Cette réponse traduit l’exaspération des autorités et même de l’opinion rwandaise qui estime que le pays n’a fait que son devoir en accueillant dans des conditions décentes près de 70.000 réfugiés vivant soit dans des camps soit, pour les plus aisés, auprès de leurs proches ou dans des maisons louées à Kigali. Elle fait suite à des accusations de plus en plus précises, formulées non seulement par le Burundi qui fait pression sur le Conseil de sécurité de l’ONU pour qu’il rappelle Kigali à l’ordre, mais aussi dans un rapport publié par des experts de l’Onu et corroboré pare les Etats Unis, selon lequel des militaires rwandais forment et arment des réfugiés burundais afin de les renvoyer dans leur pays les armes à la main. Ces informations ont été confirmées par les services de sécurité congolais qui assurent avoir intercepté au Sud Kivu plusieurs dizaines de ressortissants burundais dotés de fausses cartes d’électeurs congolais (tenant lieu de documents d’identité). Ces cartes auraient été imprimées au Rwanda grâce à du matériel électoral volé en 2013 par les rebelles tutsis du M23. Ces opposants burundais dotés de documents congolais leur permettant de circuler librement auraient eu l’intention de s’infiltrer au Burundi via le Sud Kivu. La violence du ton utilisé par le président rwandais ne vise pas seulement à désamorcer les critiques. Elle est aussi animée par le risque de voir la crise burundaise dégénérer en conflit régional, et par la peur, jamais totalement conjurée au Rwada, d’être à nouveau la cible d’attaques menées par les Interhahamwe, ces rebelles hutus réfugiés au Congo et qui n’ont pas été complètement désarmés.

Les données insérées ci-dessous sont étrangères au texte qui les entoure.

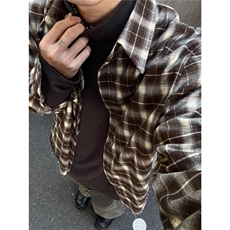 春秋新款衬衣男女翻领复古格子衬衫外套上衣CS218-P55，男装衬衫，星座208-5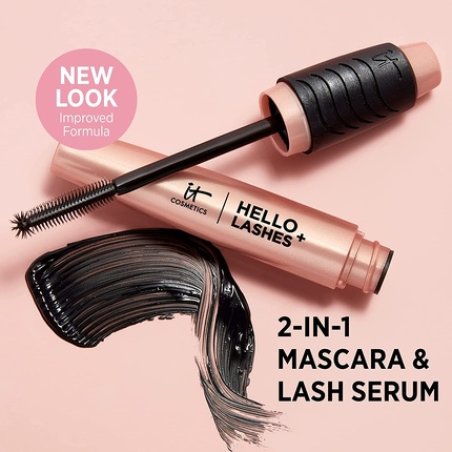 it COSMETICS Hello Lashes Volumizing Mascara & Lash Serum with Biotin, Argan Oil & Jojoba Oil 0.27 Fl Oz Black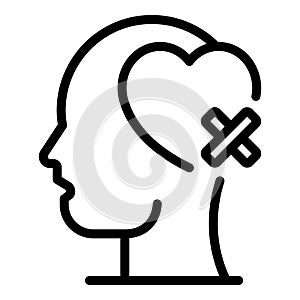 Head heart with band aid icon, outline style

A Kigali en effet, l’on constate que la crise politique ouverte au Burundi avec l’accession du président Nkurunziza à un troisième mandat a tendance à s’ « ethniciser » , à faire renaître un clivage Hutu Tutsi qui, au cours des dix dernières années s’était cependant sérieusement estompé. A l’heure actuelle en effet, ce sont les « quartiers tutsis « de Bujumbura qui, après des semaines de manifestations, sont ciblés chaque jour par des assassinats, des pillages, des disparitions. Pour tenter de mobiliser les masses rurales (Hutues dans leur grande majorité) le pouvoir joue sur la fibre ethnique. Il rappelle volontiers les massacres de 1972, parfois qualifiés de « génocide sélectif » au cours desquels 300.000 Hutus avaient été massacrés par les soldats tutsis tandis que des centaines de milliers de réfugiés accueillis en Tanzanie (parents et compagnons de route du président actuel Pierre Nkurunziza) vivaient dans l’espoir de revenir au pays et d’y prendre enfin le pouvoir. Rappelons que cette « ethnisation » de la politique burundaise passe par l’abandon des accords d’ Arusha, qui, non seulement limitaient le mandat présidentiel à deux exercices, mais avaient imposé une clé de répartition numériquement injuste mais rassurante pour la minorité tutsi, qui s’était vue garantir 50% des places dans l’armée et 40 % des postes dans les ministères.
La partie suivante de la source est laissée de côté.